For too long, the prevailing paradigm for recruiting and retaining managers in for-profit and nonprofit corporations favored candidates that had resumes with the right bells and whistles.
Thus, to well-meaning recruiters who fully subscribe to that paradigm, the best predictors of top performance are big academic qualifications (from top universities) and of, course, big titled positions the candidates have held. In other words, qualification is king and experience is queen. And thanks to our digital dispensation, anybody who knows how to properly spice up their resume is able to scale the algorithm hurdle and land an interview. Fast.
While their “king” and “queen” can be helpful, I submit that they are not the best predictors. The best predictor is the deep-seated value system of the candidates.

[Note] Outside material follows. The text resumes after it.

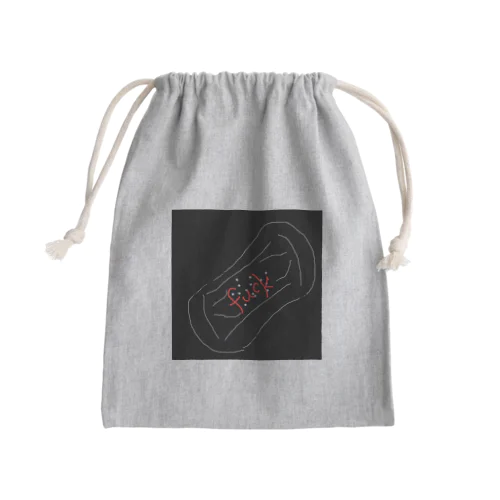 ナプキン Mini Drawstring Bag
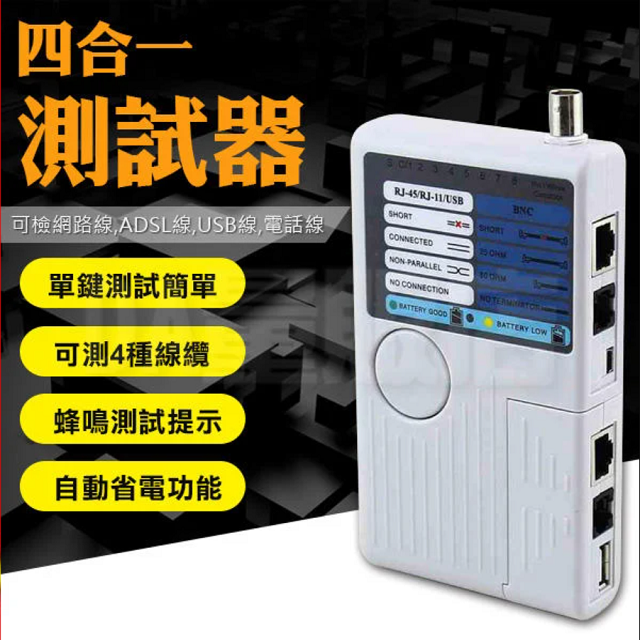  四合一 測線儀 網路 電話 測試器 測試儀 RJ45 RJ11 USB BNC 多功能【操作簡單方便】(10-072)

As a matter of fact, I am not the first to reach that conclusion. According to a relevant Fast Company piece, many employers have realized that “What people know is less important than who they are. Hiring, they believe, is not about finding people with the right experience. It’s about finding people with the right mind-set.”
I agree completely.
To gauge the said right mindset, some conscientious recruiters depend on candidates’ responses on a value-centric questionnaire, etiquette at a downtown sit-down restaurant or feedback from references and previous employers. I particularly like the idea of recruiting from a pool of frequent volunteers within or without. Why? I believe it takes a lot of moral courage to continue to render good service to others without compulsion and compensation.
As many chief executives do, I often spend some time weighing the performance (or non performance) of my top executives against their pre-recruitment qualifications, experience, posture and promises.
In almost all cases, the top performers are the women and men with the right mindset and attitude toward our 107-year-old mission and the ever-increasing population – of homeless, hungry and hurting people – we serve.
Those top performers are usually selfless self-starters. They need minimal supervision. They don’t just pretend to do the job when they think I am “looking” and then gallivant when I am away meeting with potential and existing donors and partners.
Instead, they demonstrate their deep sense of commitment and dedication to the job they are paid to do. And without singing their own praise at every turn, they let their accountability-in-action speak for them; accountability not only to their supervisor but also to their good conscience and most importantly the Almighty God, who, unlike mortal me, is everywhere at the same time, and sees what they do when nobody is watching.
Top performance anywhere is mostly a function of good character, and, in the timeless words of Dwight L. Moody, “character is what you are in the dark.” An insincere and corner-cutting person with top degrees and long-winded work experience will likely underperform “in the dark” where there might be no immediate glory or gain. That’s not right.
So, “Whatever you do, work at it with all your heart, as working for the Lord, not for human masters.” So says Paul in Colossians 3: 23.
As for me, I say to you, my friends, get all the big qualifications and big experiences you can but NEVER FORGET to develop your character because it is your biggest and best asset.